I felt like I did not belong. Sometimes, it is easy to forget what you are running for. That is true even if the theme of this year's marathon is all over the place:
"Ikaw, anong hinahabol mo?" - Milo Marathon.
Ano nga ba ang hinahabol ko? To just finish the race? To be better, faster, stronger? To beat my personal record? World peace, perhaps? And, kailangan may hinahabol, talaga?
The host on stage reminded us that the cut-off time is 2 hours and 30 minutes "Jesus Christ." I've never finished running 21 kilometers that fast.
At gun start, everyone was screaming "Whoooo!" In my mind, springbreak(?)
|The morning rush. Roxas Blvd.|
I ran my usual pace. At the fourteenth kilometer mark my legs started experiencing cramps, but kept on running. Ran, walked, ran, walked. Just a little bit more, just trying to get from here to the next block. I want to finish this race. I was determined.
It was a matter of time before I crossed the finish line.
Truth be told, I finished the race behind most runners. The runners in this batch were fast. No wonder this is the Milo Marathon Finals. It is not "the finals" for nothing, I guess.
I finished the race just a tad short of the cut off time. Runners who made it before the cut off were given medals proudly displayed around their neck.
Unlike other race events I have joined in the past, this time, no family was at the finish line to meet me. My running buddy didn't show up. No one bothered to hang a medal around my neck. Not a heartbeat that cared.
Finish line had never been this lonely. I sat at the corner of Mall of Asia parking lot. It hurts -- my legs, my shoulders, my calves, my thighs.
I remember earlier that day, nagpaalam ako sa mom ko, "Ma, alis na ako, please pray I don't get injured." She kissed my head and wished me luck. That meant a lot to me.
I remember my father who is in a business trip in another province calling me at 4:50 am, which I regrettably rejected because I was already running. He sent a massage wishing me God bless, good luck, and to be safe. That meant a lot to me.
I remember Avril calling to congratulate me after the race. The very dependable shoes I was wearing and all the running gear I own are all gifts from her. She very much supports me in my running. That meant a lot to me.

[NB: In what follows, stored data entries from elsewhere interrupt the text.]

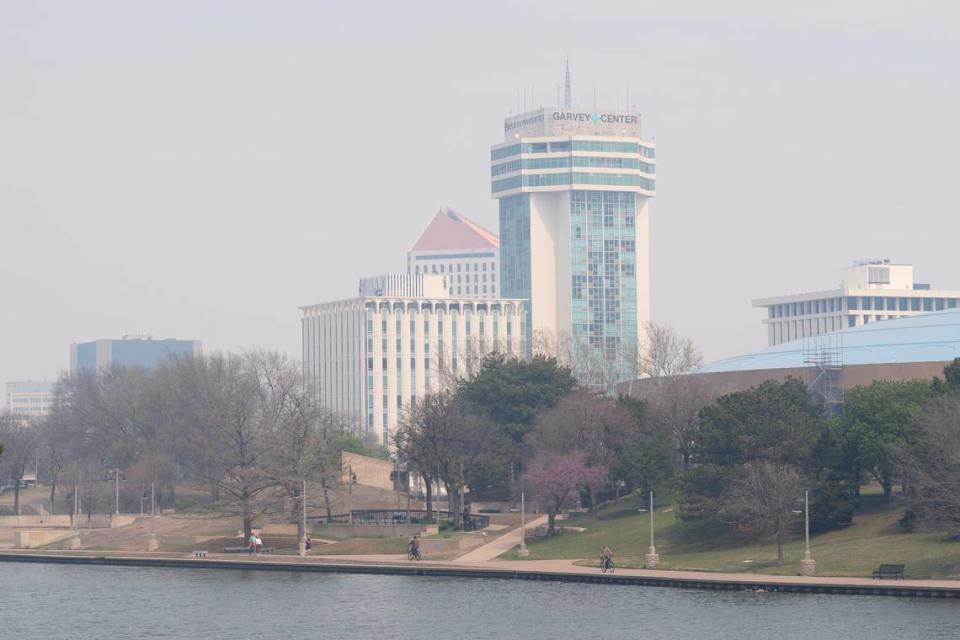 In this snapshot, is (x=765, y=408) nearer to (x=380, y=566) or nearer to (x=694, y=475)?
(x=694, y=475)

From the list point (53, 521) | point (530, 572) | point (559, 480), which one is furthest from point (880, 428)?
point (53, 521)

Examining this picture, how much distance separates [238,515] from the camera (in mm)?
122812

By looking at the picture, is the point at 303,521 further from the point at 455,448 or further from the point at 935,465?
the point at 935,465

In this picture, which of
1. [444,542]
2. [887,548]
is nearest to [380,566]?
[444,542]

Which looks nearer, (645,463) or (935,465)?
(935,465)

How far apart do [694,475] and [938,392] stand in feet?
47.2

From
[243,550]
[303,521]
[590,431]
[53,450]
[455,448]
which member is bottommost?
[243,550]

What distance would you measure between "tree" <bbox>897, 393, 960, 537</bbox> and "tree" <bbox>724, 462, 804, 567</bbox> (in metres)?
6.03

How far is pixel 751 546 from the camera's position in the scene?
98.2 m

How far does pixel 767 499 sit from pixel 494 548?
22.1 m

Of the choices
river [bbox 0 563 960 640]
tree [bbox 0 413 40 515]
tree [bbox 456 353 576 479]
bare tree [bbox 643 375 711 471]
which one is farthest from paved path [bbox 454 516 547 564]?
tree [bbox 0 413 40 515]

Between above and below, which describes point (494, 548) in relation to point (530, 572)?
above

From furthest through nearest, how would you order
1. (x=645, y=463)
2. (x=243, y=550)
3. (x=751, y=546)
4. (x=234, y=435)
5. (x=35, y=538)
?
(x=35, y=538), (x=234, y=435), (x=243, y=550), (x=645, y=463), (x=751, y=546)

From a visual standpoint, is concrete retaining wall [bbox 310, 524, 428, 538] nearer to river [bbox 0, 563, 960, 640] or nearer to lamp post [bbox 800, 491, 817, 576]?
river [bbox 0, 563, 960, 640] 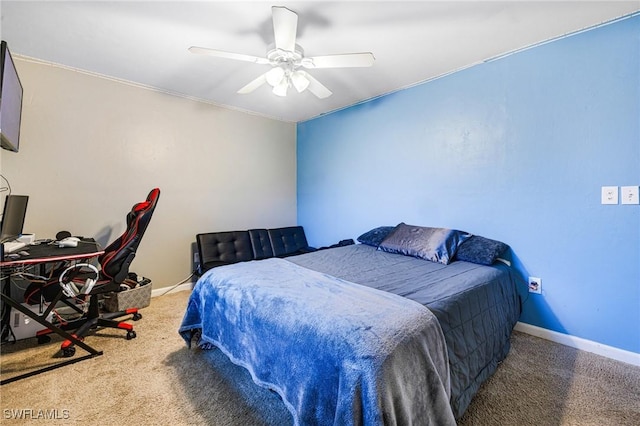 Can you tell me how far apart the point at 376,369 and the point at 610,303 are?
214 centimetres

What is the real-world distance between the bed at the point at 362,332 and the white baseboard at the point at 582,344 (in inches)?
13.3

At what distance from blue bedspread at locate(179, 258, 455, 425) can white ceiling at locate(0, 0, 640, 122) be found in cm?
183

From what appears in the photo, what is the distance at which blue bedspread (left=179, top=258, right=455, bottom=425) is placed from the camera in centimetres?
100

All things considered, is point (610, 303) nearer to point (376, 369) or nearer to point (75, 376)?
point (376, 369)

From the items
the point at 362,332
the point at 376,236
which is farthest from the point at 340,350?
the point at 376,236

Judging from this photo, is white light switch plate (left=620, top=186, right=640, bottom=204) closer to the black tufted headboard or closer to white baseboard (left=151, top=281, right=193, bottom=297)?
the black tufted headboard

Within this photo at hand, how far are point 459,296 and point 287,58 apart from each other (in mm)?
1948

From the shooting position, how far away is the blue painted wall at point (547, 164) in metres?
1.95

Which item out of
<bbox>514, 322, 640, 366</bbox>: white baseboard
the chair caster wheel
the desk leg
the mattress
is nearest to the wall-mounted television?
the desk leg

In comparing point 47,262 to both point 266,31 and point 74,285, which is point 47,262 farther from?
point 266,31

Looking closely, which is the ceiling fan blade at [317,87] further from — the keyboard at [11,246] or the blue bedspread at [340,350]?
the keyboard at [11,246]

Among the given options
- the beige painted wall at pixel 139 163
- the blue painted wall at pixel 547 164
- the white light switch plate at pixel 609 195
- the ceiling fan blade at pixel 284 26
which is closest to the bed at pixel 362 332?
the blue painted wall at pixel 547 164

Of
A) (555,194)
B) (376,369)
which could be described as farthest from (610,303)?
(376,369)

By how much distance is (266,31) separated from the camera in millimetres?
2105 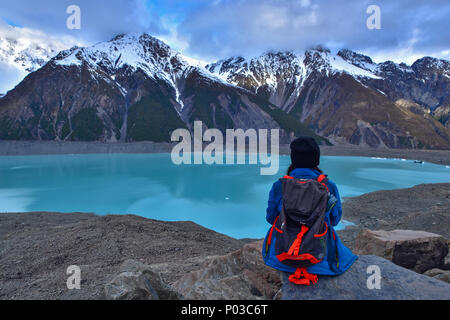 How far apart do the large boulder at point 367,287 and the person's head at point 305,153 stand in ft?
3.70

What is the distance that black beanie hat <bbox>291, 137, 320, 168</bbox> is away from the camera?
2826mm

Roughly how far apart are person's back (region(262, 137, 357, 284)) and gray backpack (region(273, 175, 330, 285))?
7 centimetres

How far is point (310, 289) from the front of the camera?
2584 millimetres

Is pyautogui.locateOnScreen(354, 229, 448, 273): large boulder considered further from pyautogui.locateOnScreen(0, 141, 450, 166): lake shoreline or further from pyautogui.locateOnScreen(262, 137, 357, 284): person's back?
pyautogui.locateOnScreen(0, 141, 450, 166): lake shoreline

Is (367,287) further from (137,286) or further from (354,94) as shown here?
(354,94)

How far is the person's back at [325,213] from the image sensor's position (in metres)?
2.68

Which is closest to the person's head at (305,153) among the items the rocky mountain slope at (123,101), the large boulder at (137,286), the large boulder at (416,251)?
the large boulder at (137,286)

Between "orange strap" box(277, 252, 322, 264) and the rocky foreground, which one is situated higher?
"orange strap" box(277, 252, 322, 264)

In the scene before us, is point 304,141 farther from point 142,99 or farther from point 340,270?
point 142,99

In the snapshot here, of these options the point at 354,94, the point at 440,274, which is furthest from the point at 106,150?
the point at 354,94

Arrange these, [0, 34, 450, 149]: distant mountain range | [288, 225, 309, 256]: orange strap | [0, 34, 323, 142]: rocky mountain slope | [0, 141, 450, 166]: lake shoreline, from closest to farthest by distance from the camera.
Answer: [288, 225, 309, 256]: orange strap, [0, 141, 450, 166]: lake shoreline, [0, 34, 323, 142]: rocky mountain slope, [0, 34, 450, 149]: distant mountain range

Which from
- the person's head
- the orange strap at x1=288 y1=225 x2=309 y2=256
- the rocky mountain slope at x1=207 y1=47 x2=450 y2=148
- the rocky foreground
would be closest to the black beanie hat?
the person's head

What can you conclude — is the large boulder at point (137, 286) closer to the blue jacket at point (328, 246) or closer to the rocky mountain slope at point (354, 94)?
the blue jacket at point (328, 246)
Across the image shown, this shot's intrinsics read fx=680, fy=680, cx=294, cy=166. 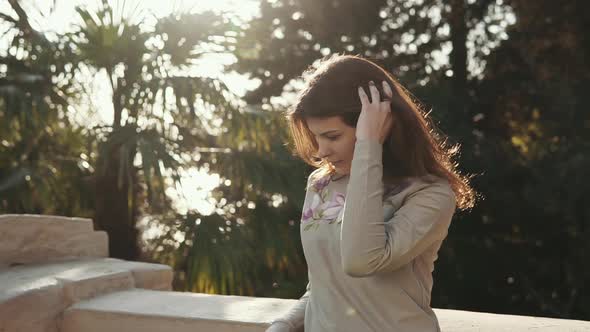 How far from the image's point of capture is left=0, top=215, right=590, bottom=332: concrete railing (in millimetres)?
2076

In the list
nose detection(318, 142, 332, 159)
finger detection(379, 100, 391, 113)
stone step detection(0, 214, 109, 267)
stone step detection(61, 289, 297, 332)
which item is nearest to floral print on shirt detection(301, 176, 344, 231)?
nose detection(318, 142, 332, 159)

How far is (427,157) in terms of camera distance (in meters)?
1.57

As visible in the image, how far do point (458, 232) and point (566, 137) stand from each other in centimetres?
155

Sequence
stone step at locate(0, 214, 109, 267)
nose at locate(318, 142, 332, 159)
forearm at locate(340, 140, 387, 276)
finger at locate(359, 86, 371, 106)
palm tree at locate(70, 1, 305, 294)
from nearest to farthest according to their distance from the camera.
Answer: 1. forearm at locate(340, 140, 387, 276)
2. finger at locate(359, 86, 371, 106)
3. nose at locate(318, 142, 332, 159)
4. stone step at locate(0, 214, 109, 267)
5. palm tree at locate(70, 1, 305, 294)

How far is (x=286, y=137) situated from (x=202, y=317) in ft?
8.96

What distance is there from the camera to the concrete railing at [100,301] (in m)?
2.08

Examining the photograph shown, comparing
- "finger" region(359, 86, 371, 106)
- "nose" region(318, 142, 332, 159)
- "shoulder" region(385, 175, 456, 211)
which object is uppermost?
"finger" region(359, 86, 371, 106)

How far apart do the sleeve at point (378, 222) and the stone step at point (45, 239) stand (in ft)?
5.69

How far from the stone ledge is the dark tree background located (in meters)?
1.62

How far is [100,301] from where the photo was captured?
2.41 m

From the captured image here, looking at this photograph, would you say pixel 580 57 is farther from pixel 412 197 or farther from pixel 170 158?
pixel 412 197

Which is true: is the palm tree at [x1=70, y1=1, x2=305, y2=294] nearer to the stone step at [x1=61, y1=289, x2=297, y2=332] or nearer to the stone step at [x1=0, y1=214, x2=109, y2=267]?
the stone step at [x1=0, y1=214, x2=109, y2=267]

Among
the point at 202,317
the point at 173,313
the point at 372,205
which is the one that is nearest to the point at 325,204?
the point at 372,205

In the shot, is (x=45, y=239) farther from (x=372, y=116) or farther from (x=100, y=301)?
(x=372, y=116) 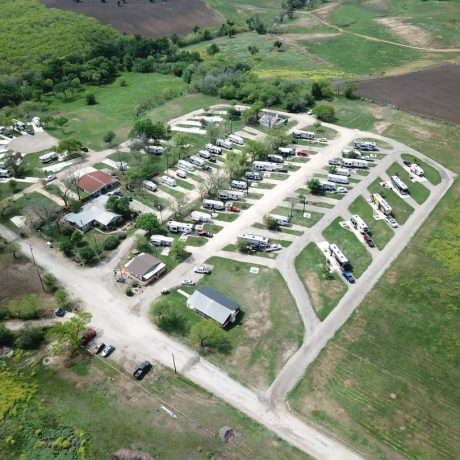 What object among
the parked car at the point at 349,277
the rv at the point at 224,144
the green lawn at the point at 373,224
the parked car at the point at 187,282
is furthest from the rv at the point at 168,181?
the parked car at the point at 349,277

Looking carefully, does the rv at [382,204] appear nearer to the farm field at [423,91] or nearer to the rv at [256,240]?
the rv at [256,240]

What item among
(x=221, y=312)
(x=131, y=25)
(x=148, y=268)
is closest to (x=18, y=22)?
(x=131, y=25)

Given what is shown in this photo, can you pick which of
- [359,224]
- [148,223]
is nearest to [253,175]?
[359,224]

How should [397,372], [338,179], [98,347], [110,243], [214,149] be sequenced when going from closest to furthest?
[397,372]
[98,347]
[110,243]
[338,179]
[214,149]

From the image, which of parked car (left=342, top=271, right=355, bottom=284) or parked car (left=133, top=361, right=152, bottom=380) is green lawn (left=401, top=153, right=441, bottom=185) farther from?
parked car (left=133, top=361, right=152, bottom=380)

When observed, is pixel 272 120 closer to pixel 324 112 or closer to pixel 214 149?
pixel 324 112

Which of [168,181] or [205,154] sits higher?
[205,154]

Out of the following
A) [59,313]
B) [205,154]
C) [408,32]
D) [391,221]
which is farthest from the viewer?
[408,32] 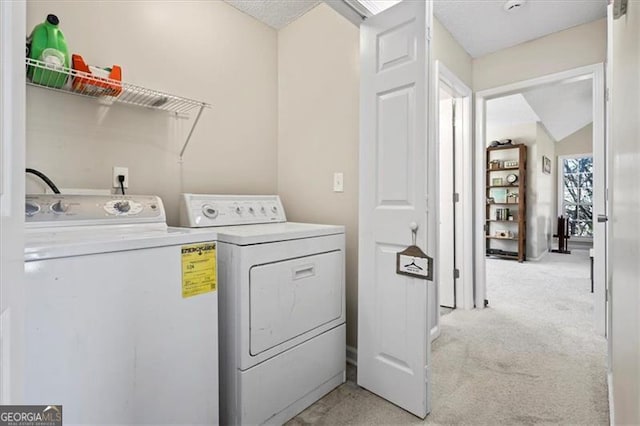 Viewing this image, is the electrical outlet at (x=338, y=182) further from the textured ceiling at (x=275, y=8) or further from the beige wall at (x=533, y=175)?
the beige wall at (x=533, y=175)

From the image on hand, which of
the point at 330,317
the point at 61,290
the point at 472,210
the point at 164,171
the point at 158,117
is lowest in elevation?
the point at 330,317

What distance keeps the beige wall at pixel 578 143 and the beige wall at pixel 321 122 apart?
7507 millimetres

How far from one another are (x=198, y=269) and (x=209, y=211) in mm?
646

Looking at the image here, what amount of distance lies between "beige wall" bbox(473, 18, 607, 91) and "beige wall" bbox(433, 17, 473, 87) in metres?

I remember praying for no injuries. Prayer granted. No injuries, except for wounded feelings, perhaps. I remember almost making it before the cut-off time. I was this close to earning my first Milo Marathon 21k medal; considering I was coming out of a year of running lay-off.
I also realized this race is my personal best in this category. It is the fastest 21k I've ever ran. This race rekindled my love for running, an important thing for me. I realized I have a lot to be thankful for.
Sometimes, things make sense by just connecting the dots backward. I learned in this race that running is not just about personal best or running faster.
I wish there is a better way for me to say this: I guess, the finish line is not always about medals and cut off times. The finish line is about sharing. Sharing victory, sharing triumphs, sharing defeat. It is about sharing the joys being and pains of being a person. Sometimes, hug from a love one after a long tiring race is more valuable than any medal around my neck.